BEGIN

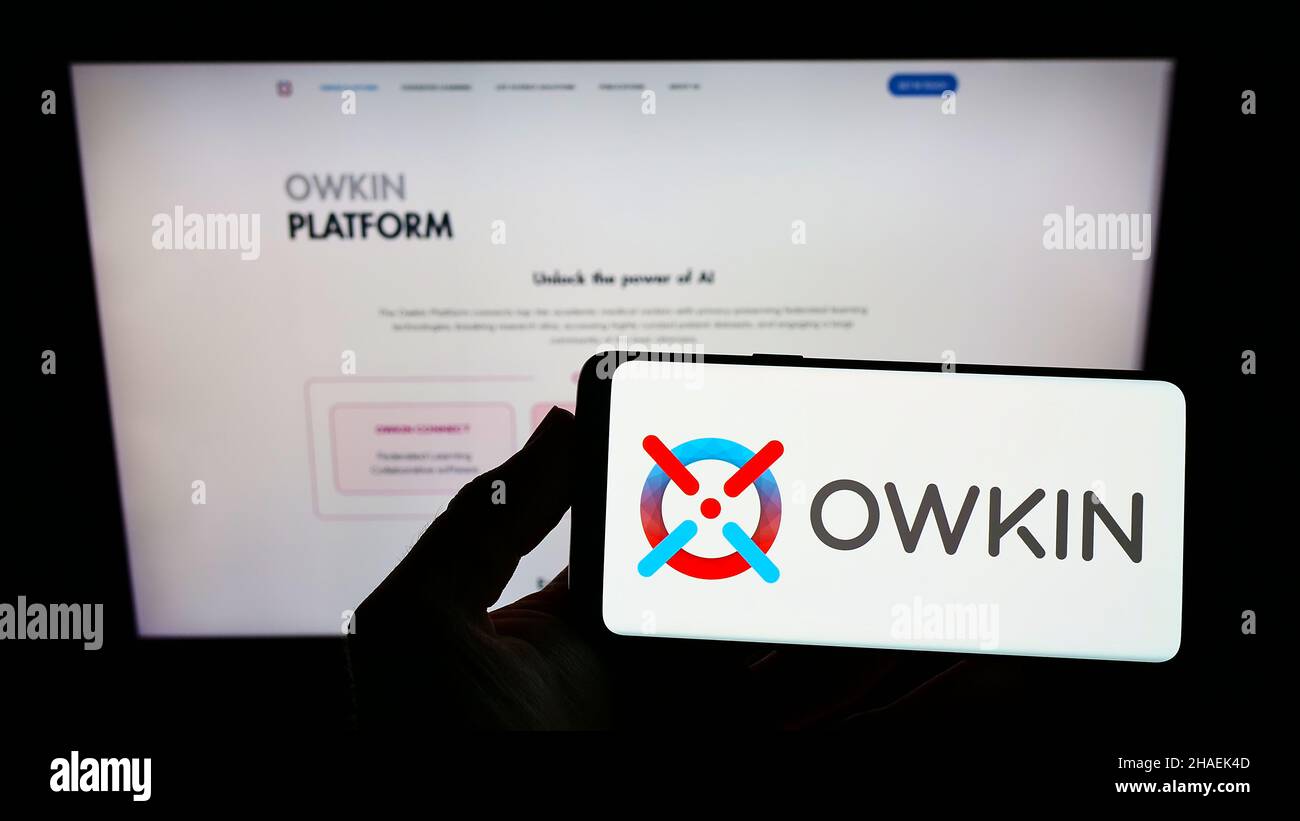 Personne tenant un smartphone avec le logo de la société de recherche médicale américaine owkin Inc. À l'écran devant le site Web.Mise au point sur l'affichage du téléphone. Banque D'Images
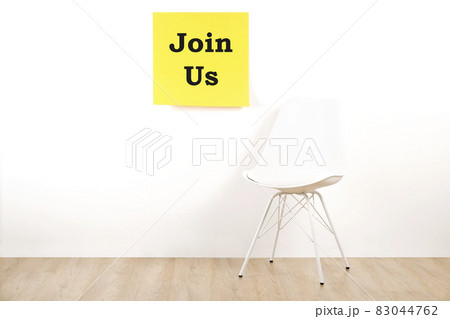 Head hunting help wanted poster concept. Minimalistic composition with chair and blank copy space wall. Head hunting help wanted poster concept. Minimalistic composition with chair and blank copy space wall. 83044762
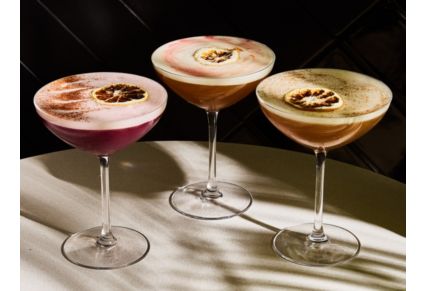 silver plate of baked oysters with glass of white wine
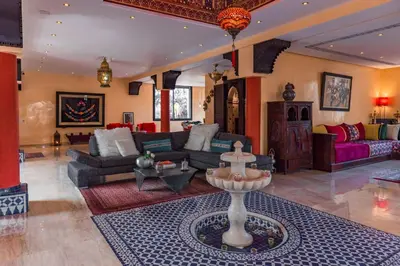 a large living room with couches and a fountain at Villa pension complète Marrakech in Marrakech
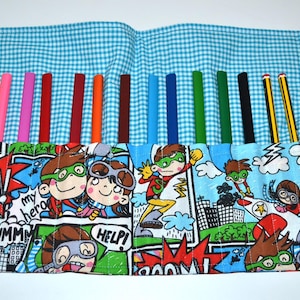 Könnte beinhalten: Buntes Stiftetui mit einem Superhelden-Comic-Design. Das offene Etui zeigt verschiedene Buntstifte und zwei Bleistifte. Das Etui besteht aus blauem Vichy-Stoff und hat eine blaue Kordel zum Zubinden.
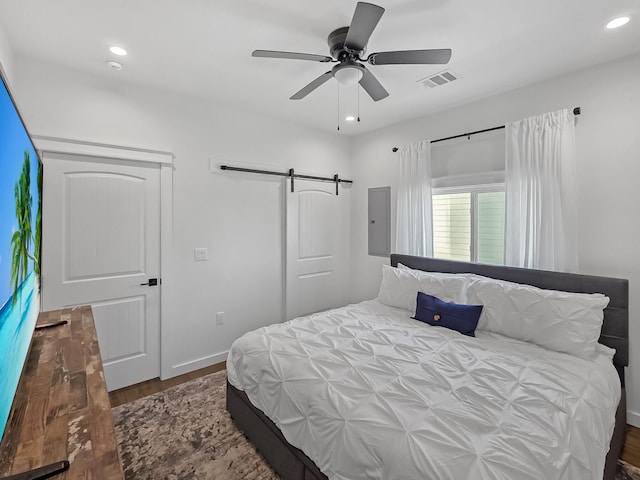 1025 Sunset Cir W, Crystal Beach, TX 77650 - bedroom featuring a barn door, wood finished floors, recessed lighting, and ceiling fan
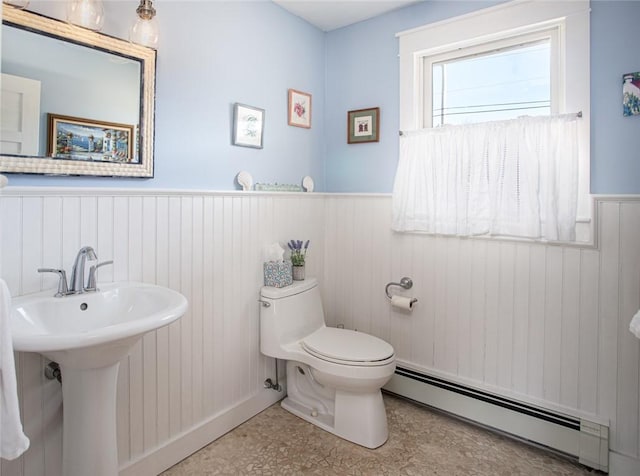 half bathroom with a baseboard radiator, wainscoting, and toilet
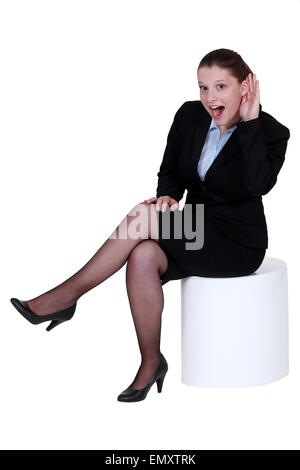 Geschäftsfrau, die kämpfen, um zu hören Stockfoto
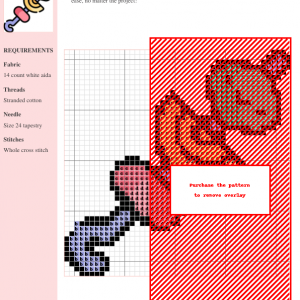 Cross stitch pattern depicting a colorful skewer of food. The design features various shades of orange, pink, purple, and green, stitched on 14-count white Aida fabric.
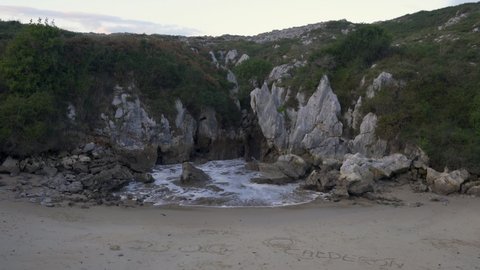Unique Gulpiyuri inland beach (flooded sinkhole) with sea coming from the cliffs in Cantabria, Spain, Europe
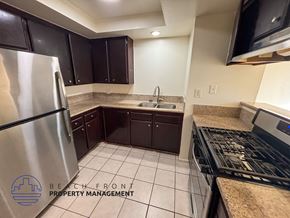 Hawthorne apartment for rent - A kitchen with a refrigerator, sink, and stove.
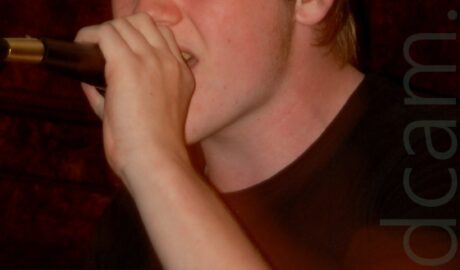Close up of the upper body and face of a young man with short, blond-ish hair, wearing a black t-shirt with a white logo, holding a microphone in his left hand, which he is singing (or possibly snarling) into. He has been afflicted with a terrible case of red eye, caused by the camera flash. There is a red tinge over the entire frame, caused by a long exposure resulting in some movement. Wooden panelling on the wall fills most of the background, with yellow wallpaper showing at the top of the frame.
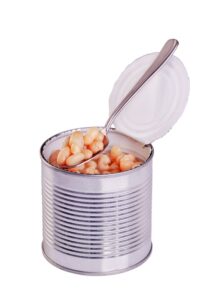An opened tin of canned white beans with a spoon in it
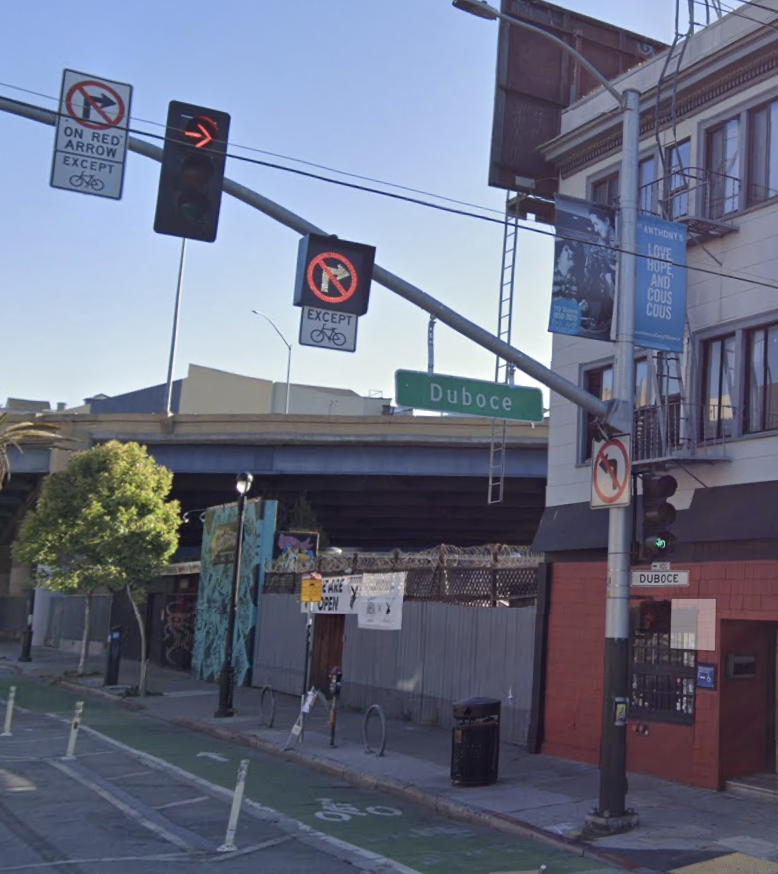 ECU the signs, google street view of valenca northbound at 14th in the car right-turn-lane, the bike lane to it’s rightleft most, a standard reflective paint metal sign on a light post over the street: no right turn on red except for bikescenter: a stoplight with a red arrow indicating that cars need to stop and wait for the green signalright: a back-lit LED version of same sign on the leftright-most a green/red stoplight for bicyclists that you should definitely ignore if you are one, and instead assume a car is about to turn right on red into you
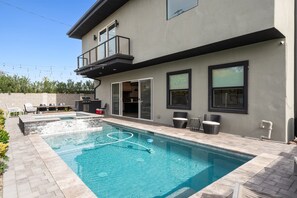 Pool and hottub are available to be heated upon payment and request. Master bedroom balcony.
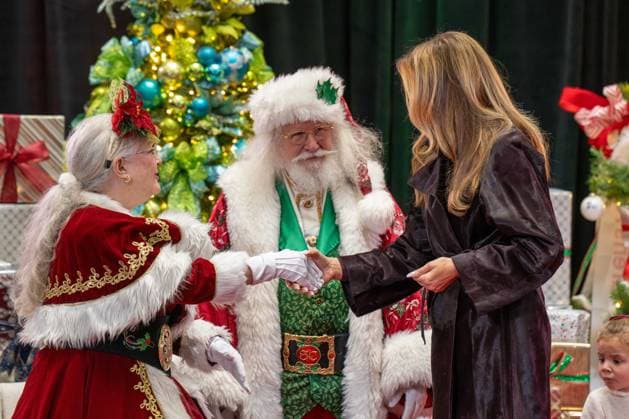 December 5, 2025, Washington, District Of Columbia, USA: First Lady MELANIA TRUMP shakes Mrs. ClausÃ¢â‚¬â ¢ hand after reading a book to a group of children at the ChildrenÃ¢â‚¬â ¢s National Hospital. Washington USA - ZUMAs365 20251205_znp_s365_006 Copyright: xJoeyxSussmanx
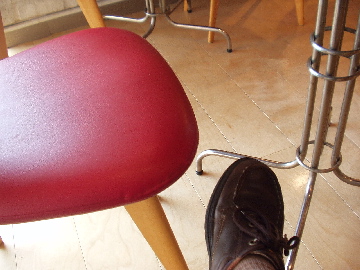 [a red chair and a dirty shoe in a cafe]
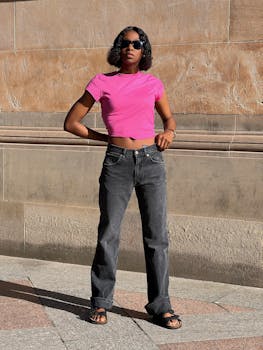 Portrait of a stylish black woman in pink top and jeans standing on a street in Glasgow, Scotland.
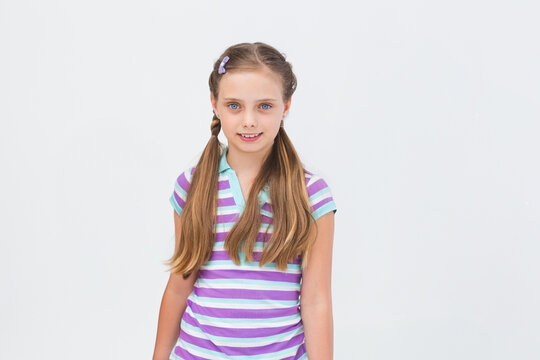 Girl standing in studio wearing pastel-clip side plaits and striped lavender mint polo shirt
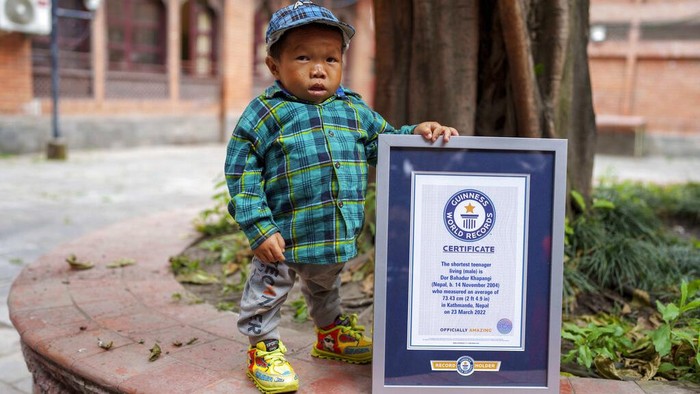 Dor Bahadur Khapangi holds his Guinness World Record certificate in Kathmandu, Nepal, Tuesday, May 24, 2022. Khapangi holds the record as the world's shortest teenager (living), measuring 73.43 cm (2ft 4.9 inches). (AP Photo/Niranjan Shrestha)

END

#### Requirement:
Each record above is to be copied out exactly; its pictures are not.

#### Problem solution:
 Personne tenant un smartphone avec le logo de la société de recherche médicale américaine owkin Inc. À l'écran devant le site Web.Mise au point sur l'affichage du téléphone. Banque D'Images
 Head hunting help wanted poster concept. Minimalistic composition with chair and blank copy space wall. Head hunting help wanted poster concept. Minimalistic composition with chair and blank copy space wall. 83044762
 silver plate of baked oysters with glass of white wine
 a large living room with couches and a fountain at Villa pension complète Marrakech in Marrakech
 Könnte beinhalten: Buntes Stiftetui mit einem Superhelden-Comic-Design. Das offene Etui zeigt verschiedene Buntstifte und zwei Bleistifte. Das Etui besteht aus blauem Vichy-Stoff und hat eine blaue Kordel zum Zubinden.
 1025 Sunset Cir W, Crystal Beach, TX 77650 - bedroom featuring a barn door, wood finished floors, recessed lighting, and ceiling fan
 half bathroom with a baseboard radiator, wainscoting, and toilet
 Geschäftsfrau, die kämpfen, um zu hören Stockfoto
 Cross stitch pattern depicting a colorful skewer of food. The design features various shades of orange, pink, purple, and green, stitched on 14-count white Aida fabric.
Unique Gulpiyuri inland beach (flooded sinkhole) with sea coming from the cliffs in Cantabria, Spain, Europe
 Hawthorne apartment for rent - A kitchen with a refrigerator, sink, and stove.
Close up of the upper body and face of a young man with short, blond-ish hair, wearing a black t-shirt with a white logo, holding a microphone in his left hand, which he is singing (or possibly snarling) into. He has been afflicted with a terrible case of red eye, caused by the camera flash. There is a red tinge over the entire frame, caused by a long exposure resulting in some movement. Wooden panelling on the wall fills most of the background, with yellow wallpaper showing at the top of the frame.
An opened tin of canned white beans with a spoon in it
 ECU the signs, google street view of valenca northbound at 14th in the car right-turn-lane, the bike lane to it’s rightleft most, a standard reflective paint metal sign on a light post over the street: no right turn on red except for bikescenter: a stoplight with a red arrow indicating that cars need to stop and wait for the green signalright: a back-lit LED version of same sign on the leftright-most a green/red stoplight for bicyclists that you should definitely ignore if you are one, and instead assume a car is about to turn right on red into you
 Pool and hottub are available to be heated upon payment and request. Master bedroom balcony.
 December 5, 2025, Washington, District Of Columbia, USA: First Lady MELANIA TRUMP shakes Mrs. ClausÃ¢â‚¬â ¢ hand after reading a book to a group of children at the ChildrenÃ¢â‚¬â ¢s National Hospital. Washington USA - ZUMAs365 20251205_znp_s365_006 Copyright: xJoeyxSussmanx
 [a red chair and a dirty shoe in a cafe]
 Portrait of a stylish black woman in pink top and jeans standing on a street in Glasgow, Scotland.
 Girl standing in studio wearing pastel-clip side plaits and striped lavender mint polo shirt
 Dor Bahadur Khapangi holds his Guinness World Record certificate in Kathmandu, Nepal, Tuesday, May 24, 2022. Khapangi holds the record as the world's shortest teenager (living), measuring 73.43 cm (2ft 4.9 inches). (AP Photo/Niranjan Shrestha)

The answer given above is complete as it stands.